Description of the task => Lines from the one with "Пара чистейших бесцветных" through the end of the records, and no others, are what the answer should contain, copied exactly; please keep pictures out.

----

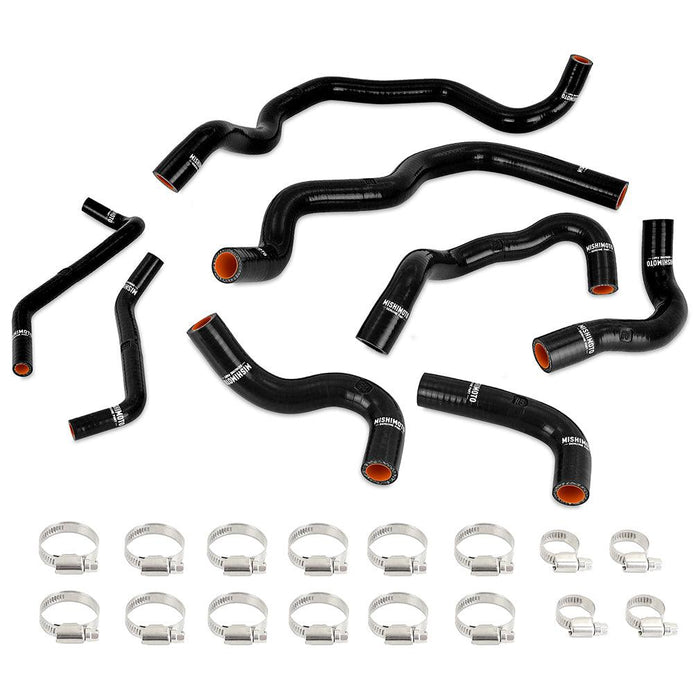 Mishimoto MMHOSE-Q50-16ANCBK Silicone Intercooler Coolant Hose Kit, fits Infiniti Q50/Q60 3.0T 2016+, Black - Belts and Cooling from Black Patch Performance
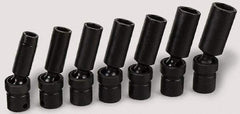 SK - 3/8" Drive 5/8" Deep Universal Impact Socket - 6 Points, 3-7/32" OAL - Americas Industrial Supply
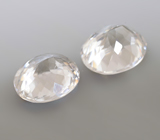 Пара чистейших бесцветных цирконов 2,69 карата 
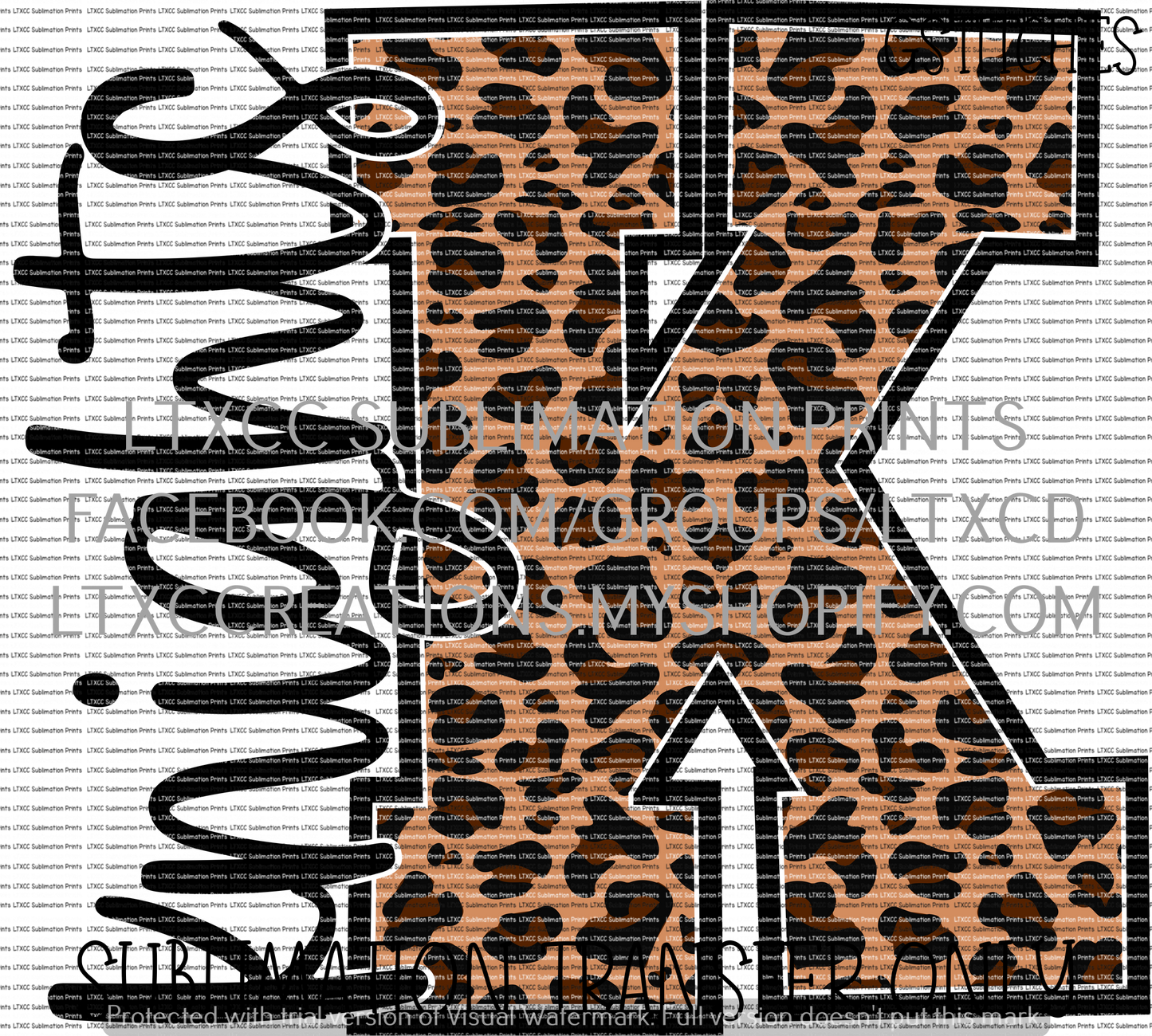 Knights Leopard - SUBLIMATION PRINT TRANSFER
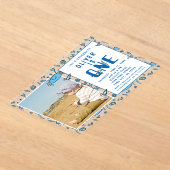 Blue Crab Sea Animals Muschel Junge Foto 1. Geburt Acryleinladungen (Ablage )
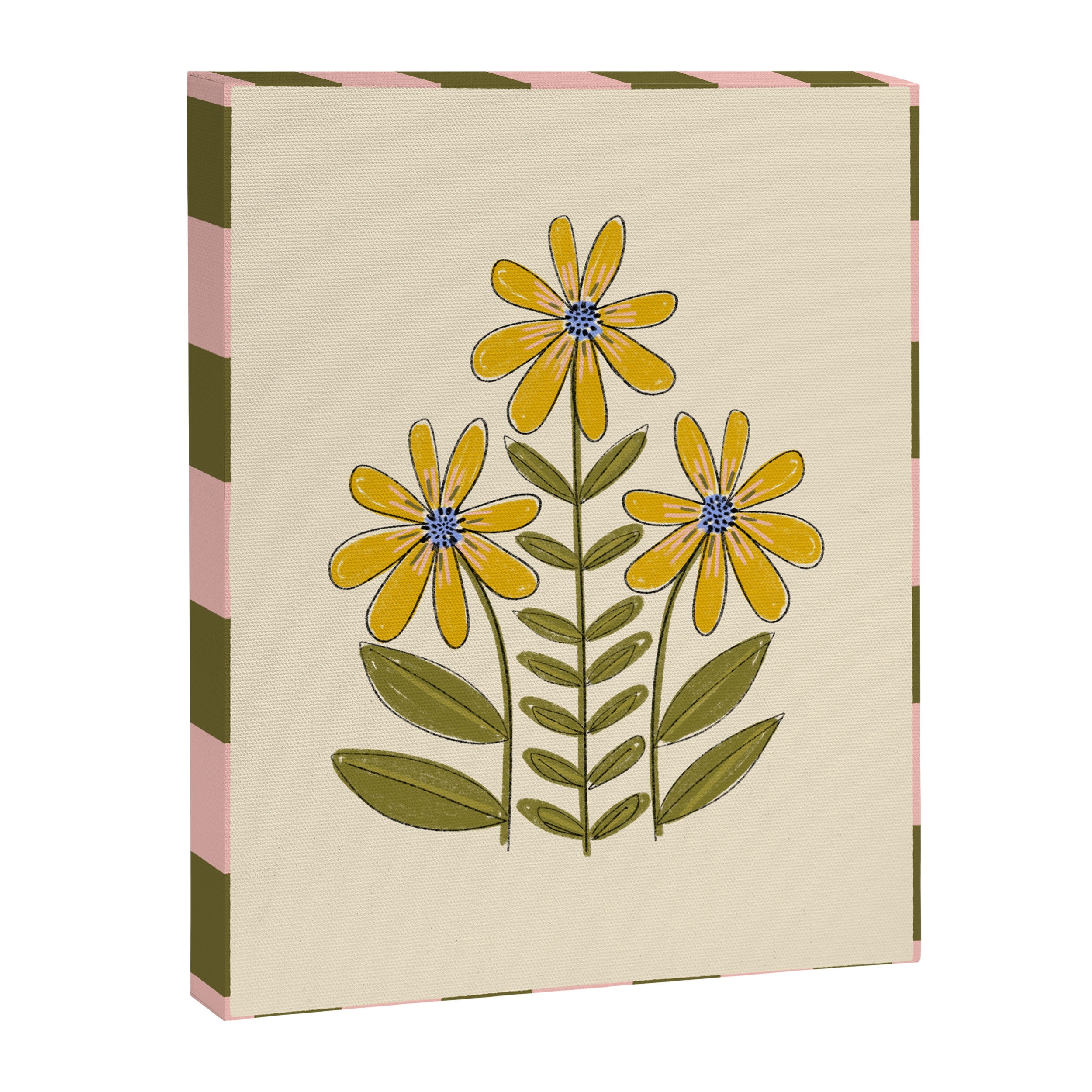 Sunflower - Block Print Canvas Print Gallery Image 8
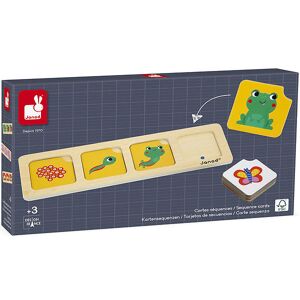 Janod Puzzlespiel - 4x10 Teile - Sequenzkarten - Garten - Janod - One Size - Puzzlespiele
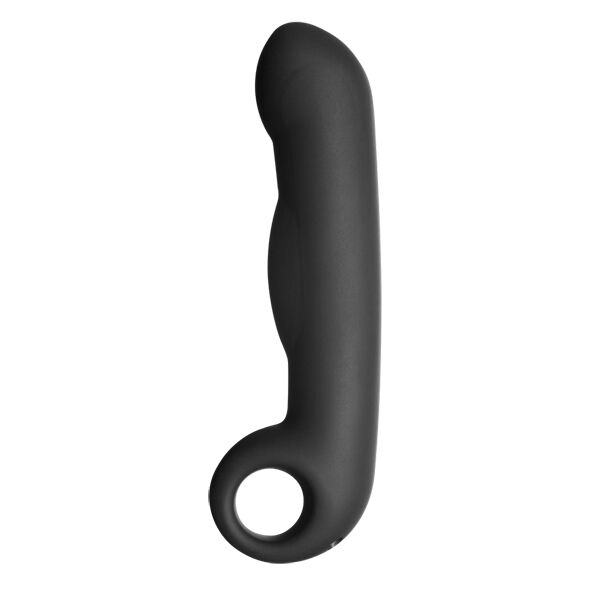 ElectraStim Ovid silikonski dildo za elektroseks, crni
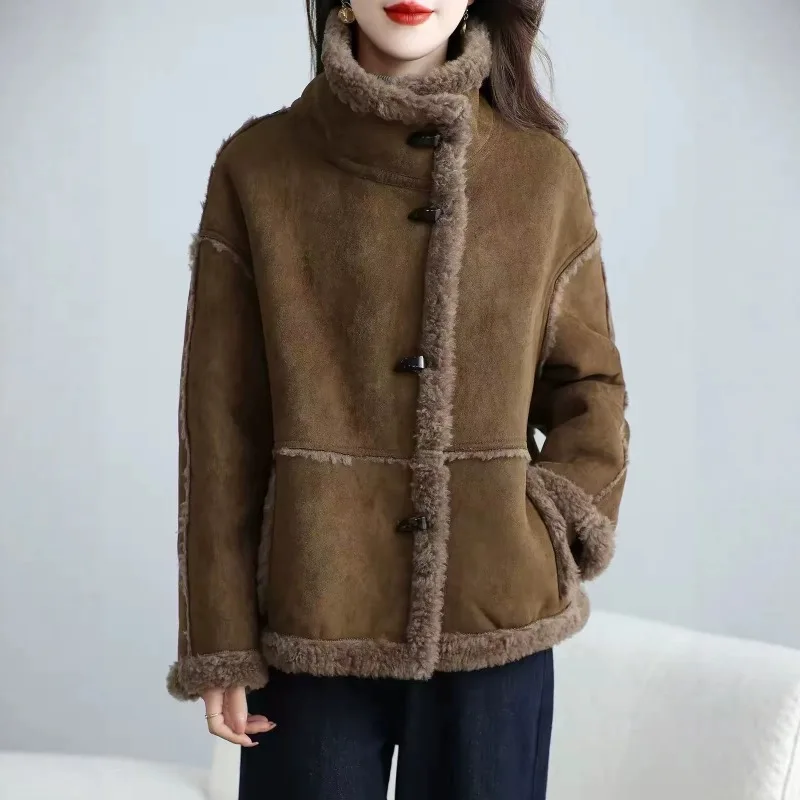 Double-sided Sheepskin Cut Coat for Women Winter Collection, New Wool Fashion, Casual and Eco-friendly Fur Sheepskin Short Style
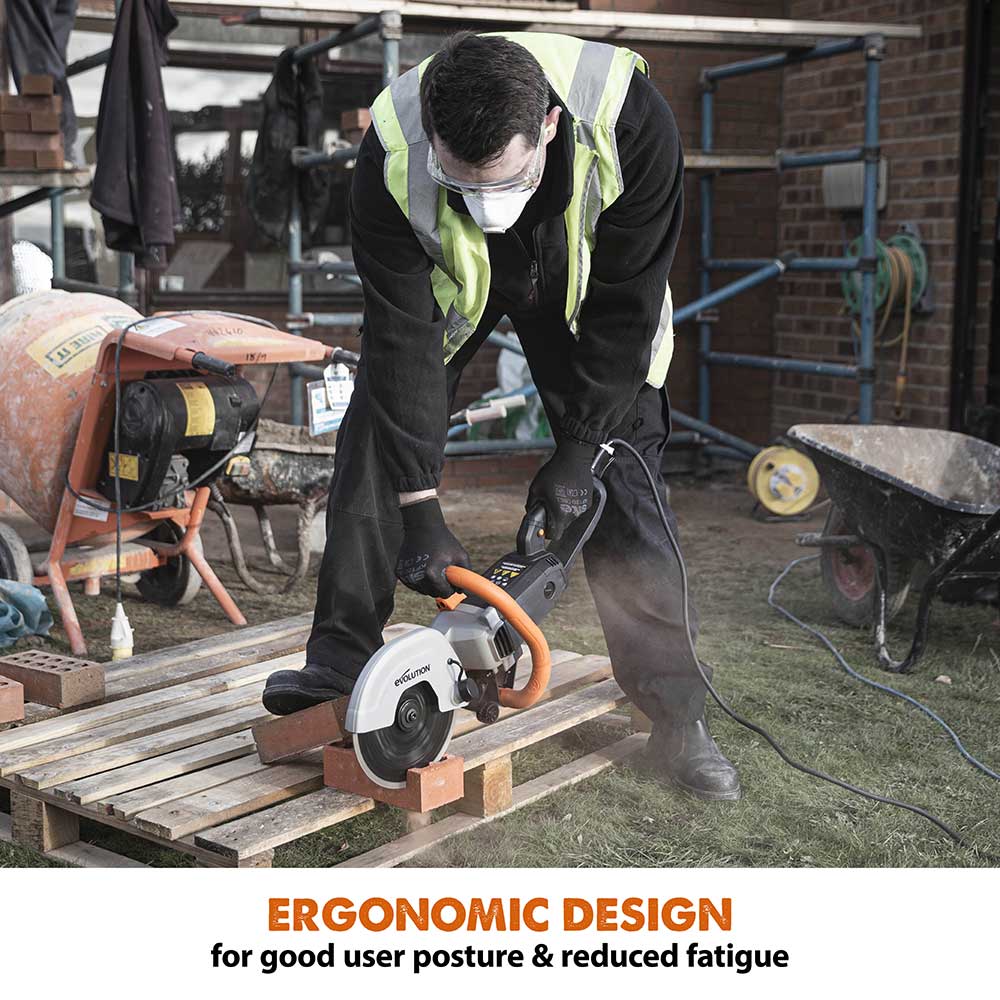 Evolution R230DCT | 9 in. | Electric Concrete Saw | Diamond Blade Included - Image 3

----

Response for this exercise =>
 Пара чистейших бесцветных цирконов 2,69 карата 
 Knights Leopard - SUBLIMATION PRINT TRANSFER
 Blue Crab Sea Animals Muschel Junge Foto 1. Geburt Acryleinladungen (Ablage )
 Sunflower - Block Print Canvas Print Gallery Image 8
 Janod Puzzlespiel - 4x10 Teile - Sequenzkarten - Garten - Janod - One Size - Puzzlespiele
 ElectraStim Ovid silikonski dildo za elektroseks, crni
 Double-sided Sheepskin Cut Coat for Women Winter Collection, New Wool Fashion, Casual and Eco-friendly Fur Sheepskin Short Style
 Evolution R230DCT | 9 in. | Electric Concrete Saw | Diamond Blade Included - Image 3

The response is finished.